#### Exercise aim
Your response should be the complete listing, copied exactly.

#### Extracted information

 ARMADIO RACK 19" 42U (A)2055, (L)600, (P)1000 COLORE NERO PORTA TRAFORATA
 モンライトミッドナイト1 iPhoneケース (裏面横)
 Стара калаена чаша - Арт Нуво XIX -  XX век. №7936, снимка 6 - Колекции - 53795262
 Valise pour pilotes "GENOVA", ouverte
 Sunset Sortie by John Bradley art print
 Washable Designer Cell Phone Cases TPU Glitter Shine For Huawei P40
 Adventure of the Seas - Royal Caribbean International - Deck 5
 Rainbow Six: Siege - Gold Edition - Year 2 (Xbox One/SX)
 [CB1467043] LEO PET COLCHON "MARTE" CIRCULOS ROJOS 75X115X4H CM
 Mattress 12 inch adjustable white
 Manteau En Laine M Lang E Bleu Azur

#### Answer box
 ARMADIO RACK 19" 42U (A)2055, (L)600, (P)1000 COLORE NERO PORTA TRAFORATA
 モンライトミッドナイト1 iPhoneケース (裏面横)
 Стара калаена чаша - Арт Нуво XIX -  XX век. №7936, снимка 6 - Колекции - 53795262
 Valise pour pilotes "GENOVA", ouverte
 Sunset Sortie by John Bradley art print
 Washable Designer Cell Phone Cases TPU Glitter Shine For Huawei P40
 Adventure of the Seas - Royal Caribbean International - Deck 5
 Rainbow Six: Siege - Gold Edition - Year 2 (Xbox One/SX)
 [CB1467043] LEO PET COLCHON "MARTE" CIRCULOS ROJOS 75X115X4H CM
 Mattress 12 inch adjustable white
 Manteau En Laine M Lang E Bleu Azur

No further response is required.